- Directions
Would you return the lines between the one holding "Navy Suit Mens 3 Piece Suits with Peak Lapel" and the one holding "A set of solid", inclusive, and only those, exactly as they stand in the listing below?

- Provided information
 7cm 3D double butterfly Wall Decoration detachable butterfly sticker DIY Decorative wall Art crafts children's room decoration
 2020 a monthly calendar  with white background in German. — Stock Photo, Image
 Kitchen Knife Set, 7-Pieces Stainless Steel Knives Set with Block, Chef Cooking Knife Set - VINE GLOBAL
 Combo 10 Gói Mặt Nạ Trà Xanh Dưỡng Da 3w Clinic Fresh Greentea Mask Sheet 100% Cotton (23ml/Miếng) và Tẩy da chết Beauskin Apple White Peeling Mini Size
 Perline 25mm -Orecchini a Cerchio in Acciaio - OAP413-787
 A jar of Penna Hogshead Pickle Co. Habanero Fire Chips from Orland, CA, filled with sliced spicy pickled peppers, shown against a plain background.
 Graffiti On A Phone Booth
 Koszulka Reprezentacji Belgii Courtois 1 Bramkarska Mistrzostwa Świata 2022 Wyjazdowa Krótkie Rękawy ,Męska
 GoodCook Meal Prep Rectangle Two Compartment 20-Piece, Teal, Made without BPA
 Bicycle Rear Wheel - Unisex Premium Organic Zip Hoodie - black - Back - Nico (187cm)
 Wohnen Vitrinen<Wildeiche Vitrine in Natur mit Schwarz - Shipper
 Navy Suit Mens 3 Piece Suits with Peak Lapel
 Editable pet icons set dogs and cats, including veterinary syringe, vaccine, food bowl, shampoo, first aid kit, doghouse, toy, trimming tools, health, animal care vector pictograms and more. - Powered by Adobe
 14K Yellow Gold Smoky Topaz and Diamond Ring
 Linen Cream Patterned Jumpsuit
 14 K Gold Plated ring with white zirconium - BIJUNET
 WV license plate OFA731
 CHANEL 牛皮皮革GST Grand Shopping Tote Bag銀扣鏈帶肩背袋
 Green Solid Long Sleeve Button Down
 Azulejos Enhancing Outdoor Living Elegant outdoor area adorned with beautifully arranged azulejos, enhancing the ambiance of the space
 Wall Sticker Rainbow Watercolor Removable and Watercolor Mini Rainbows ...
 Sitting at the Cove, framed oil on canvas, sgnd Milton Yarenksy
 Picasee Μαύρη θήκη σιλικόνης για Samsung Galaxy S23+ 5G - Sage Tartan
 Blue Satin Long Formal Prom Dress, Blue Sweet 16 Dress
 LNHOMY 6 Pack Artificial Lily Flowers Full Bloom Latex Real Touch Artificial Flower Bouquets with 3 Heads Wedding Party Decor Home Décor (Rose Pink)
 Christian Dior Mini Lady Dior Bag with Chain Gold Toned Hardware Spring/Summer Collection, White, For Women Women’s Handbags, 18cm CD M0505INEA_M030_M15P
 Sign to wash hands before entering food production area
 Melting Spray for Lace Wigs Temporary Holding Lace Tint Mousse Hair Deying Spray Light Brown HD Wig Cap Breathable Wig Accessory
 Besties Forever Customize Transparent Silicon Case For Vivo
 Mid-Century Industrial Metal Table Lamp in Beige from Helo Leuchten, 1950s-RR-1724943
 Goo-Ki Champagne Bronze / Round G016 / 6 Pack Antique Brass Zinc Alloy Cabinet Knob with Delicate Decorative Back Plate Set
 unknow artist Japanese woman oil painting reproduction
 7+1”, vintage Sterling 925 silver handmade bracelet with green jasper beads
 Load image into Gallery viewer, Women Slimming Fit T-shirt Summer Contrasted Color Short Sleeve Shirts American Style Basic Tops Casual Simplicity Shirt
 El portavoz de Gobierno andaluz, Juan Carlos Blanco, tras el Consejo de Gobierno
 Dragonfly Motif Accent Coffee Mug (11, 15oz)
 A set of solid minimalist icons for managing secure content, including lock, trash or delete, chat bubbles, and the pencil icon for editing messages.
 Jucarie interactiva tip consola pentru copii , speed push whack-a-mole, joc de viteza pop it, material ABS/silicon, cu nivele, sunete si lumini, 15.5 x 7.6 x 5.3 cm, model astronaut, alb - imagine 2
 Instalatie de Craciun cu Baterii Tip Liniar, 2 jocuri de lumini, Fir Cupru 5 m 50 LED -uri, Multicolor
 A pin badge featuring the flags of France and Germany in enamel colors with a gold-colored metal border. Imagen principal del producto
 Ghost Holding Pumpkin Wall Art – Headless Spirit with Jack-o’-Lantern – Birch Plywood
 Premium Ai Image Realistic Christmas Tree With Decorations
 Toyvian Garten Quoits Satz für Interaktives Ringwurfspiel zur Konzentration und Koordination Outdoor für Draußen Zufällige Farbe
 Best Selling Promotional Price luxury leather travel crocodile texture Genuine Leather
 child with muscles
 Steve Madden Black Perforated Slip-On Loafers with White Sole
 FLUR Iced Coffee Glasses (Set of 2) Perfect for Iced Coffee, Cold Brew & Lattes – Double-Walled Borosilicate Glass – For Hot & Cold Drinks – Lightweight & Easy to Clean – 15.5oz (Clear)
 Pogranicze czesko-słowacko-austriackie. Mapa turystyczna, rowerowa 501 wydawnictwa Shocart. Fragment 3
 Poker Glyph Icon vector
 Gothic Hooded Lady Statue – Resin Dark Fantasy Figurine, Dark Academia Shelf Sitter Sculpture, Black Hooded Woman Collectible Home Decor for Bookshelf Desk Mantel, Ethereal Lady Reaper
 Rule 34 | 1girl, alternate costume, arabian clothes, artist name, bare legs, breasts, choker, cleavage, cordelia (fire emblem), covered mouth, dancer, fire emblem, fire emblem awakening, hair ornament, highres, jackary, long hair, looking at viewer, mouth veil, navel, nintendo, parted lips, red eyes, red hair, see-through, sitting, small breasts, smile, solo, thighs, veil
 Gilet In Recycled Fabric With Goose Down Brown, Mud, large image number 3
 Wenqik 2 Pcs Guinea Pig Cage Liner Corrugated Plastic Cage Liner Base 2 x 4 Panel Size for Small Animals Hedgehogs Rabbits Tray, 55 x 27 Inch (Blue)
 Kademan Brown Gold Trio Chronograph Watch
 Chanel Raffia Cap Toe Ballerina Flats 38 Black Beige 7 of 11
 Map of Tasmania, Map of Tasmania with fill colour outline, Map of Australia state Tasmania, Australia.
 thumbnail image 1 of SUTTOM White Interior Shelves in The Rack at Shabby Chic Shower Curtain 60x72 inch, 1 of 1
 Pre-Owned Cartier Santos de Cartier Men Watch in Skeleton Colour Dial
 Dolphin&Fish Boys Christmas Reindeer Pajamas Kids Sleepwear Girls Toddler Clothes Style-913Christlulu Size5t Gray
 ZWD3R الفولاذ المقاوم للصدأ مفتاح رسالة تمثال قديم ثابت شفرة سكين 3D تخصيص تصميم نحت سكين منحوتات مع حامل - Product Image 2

- Solved problem
 Navy Suit Mens 3 Piece Suits with Peak Lapel
 Editable pet icons set dogs and cats, including veterinary syringe, vaccine, food bowl, shampoo, first aid kit, doghouse, toy, trimming tools, health, animal care vector pictograms and more. - Powered by Adobe
 14K Yellow Gold Smoky Topaz and Diamond Ring
 Linen Cream Patterned Jumpsuit
 14 K Gold Plated ring with white zirconium - BIJUNET
 WV license plate OFA731
 CHANEL 牛皮皮革GST Grand Shopping Tote Bag銀扣鏈帶肩背袋
 Green Solid Long Sleeve Button Down
 Azulejos Enhancing Outdoor Living Elegant outdoor area adorned with beautifully arranged azulejos, enhancing the ambiance of the space
 Wall Sticker Rainbow Watercolor Removable and Watercolor Mini Rainbows ...
 Sitting at the Cove, framed oil on canvas, sgnd Milton Yarenksy
 Picasee Μαύρη θήκη σιλικόνης για Samsung Galaxy S23+ 5G - Sage Tartan
 Blue Satin Long Formal Prom Dress, Blue Sweet 16 Dress
 LNHOMY 6 Pack Artificial Lily Flowers Full Bloom Latex Real Touch Artificial Flower Bouquets with 3 Heads Wedding Party Decor Home Décor (Rose Pink)
 Christian Dior Mini Lady Dior Bag with Chain Gold Toned Hardware Spring/Summer Collection, White, For Women Women’s Handbags, 18cm CD M0505INEA_M030_M15P
 Sign to wash hands before entering food production area
 Melting Spray for Lace Wigs Temporary Holding Lace Tint Mousse Hair Deying Spray Light Brown HD Wig Cap Breathable Wig Accessory
 Besties Forever Customize Transparent Silicon Case For Vivo
 Mid-Century Industrial Metal Table Lamp in Beige from Helo Leuchten, 1950s-RR-1724943
 Goo-Ki Champagne Bronze / Round G016 / 6 Pack Antique Brass Zinc Alloy Cabinet Knob with Delicate Decorative Back Plate Set
 unknow artist Japanese woman oil painting reproduction
 7+1”, vintage Sterling 925 silver handmade bracelet with green jasper beads
 Load image into Gallery viewer, Women Slimming Fit T-shirt Summer Contrasted Color Short Sleeve Shirts American Style Basic Tops Casual Simplicity Shirt
 El portavoz de Gobierno andaluz, Juan Carlos Blanco, tras el Consejo de Gobierno
 Dragonfly Motif Accent Coffee Mug (11, 15oz)
 A set of solid minimalist icons for managing secure content, including lock, trash or delete, chat bubbles, and the pencil icon for editing messages.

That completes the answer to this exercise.